My experimental purpose is to generate uniform electric field inside microchannel by externally-applied electric field. (“externally” here means no direct contact between electrodes and water)

But there is a questionable point still killing me. As I know, in pure water, autoionization of water molecules can generate hydroxide and hydronium ions at a constant concentration, and these free ions can form Debye space charge layers that screen electric fields. Does it mean, no matter how high DC V is (like 1 KV), the final electric field intensity inside microchannel would go to zero after instantaneous screening process?

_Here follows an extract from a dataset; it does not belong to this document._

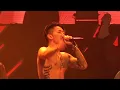 160213 박재범 Jay Park - 뻔하잖아(U KNOW) & 몸매 Mommae & Dance Break (AOMG Concert)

If the above statement is valid, then I apply alternating current voltage, like sinusoidal AC (100 kHz, peak voltages from 0 and 500 V) instead of DC, I wonder how to calculate electric field intensity inside microchannel? Taken the rate of electrostatic screening into account, what the minimal frequency of ac should I set ?

Many thanks again for your attention to this matter.

 

[DrZoidberg]

If you know what current needs to flow you can calculate the frequency you need.
Read up on impedance
http://en.wikipedia.org/wiki/Electrical_impedance

Basically if r is the resistance and c the capacitance of your setup and f is the frequency then the impedance z is
z = sqrt(r^2 + (1/(2*pi*f*c))^2)
and i = u/z
So with that you can then calculate what voltage and frequency you need to sent a certain current through your capacitor.

 

[0lolol0]

If you know what current needs to flow you can calculate the frequency you need.
Read up on impedance
http://en.wikipedia.org/wiki/Electrical_impedance

Basically if r is the resistance and c the capacitance of your setup and f is the frequency then the impedance z is
z = sqrt(r^2 + (1/(2*pi*f*c))^2)
and i = u/z
So with that you can then calculate what voltage and frequency you need to sent a certain current through your capacitor.

Many thanks for your reply.

Do you think, when DC is applied, the induced electric field by H+ and OH- ions inside H2O-filled microchannel would be instantaneously strong enough to balance the external electric field? Then no net electric field inside microchannel?

 

[mfb]

I think you need numbers for the mobility of OH- and H3O+ ions in water, driven by an electric field. If the time-scale there is longer than the time-scale for diffusion*, you are probably fine, otherwise the electric field strength will decrease over time and you need AC which is quicker than that.
Keep in mind that the main voltage drop will occur in the dielectric plates anyway.*I played a bit with equations, and think that the equilibrium is an exponential function for the concentration, with a typical length given by the ratio of "influence of the electric field" to diffusion. If this typical length is >>400µm, DC is fine. If it is <<400µm, DC would give nearly no field inside, apart from the boundary regions, between those regions it is something in between.

 

[0lolol0]

I think you need numbers for the mobility of OH- and H3O+ ions in water, driven by an electric field. If the time-scale there is longer than the time-scale for diffusion*, you are probably fine, otherwise the electric field strength will decrease over time and you need AC which is quicker than that.
Keep in mind that the main voltage drop will occur in the dielectric plates anyway.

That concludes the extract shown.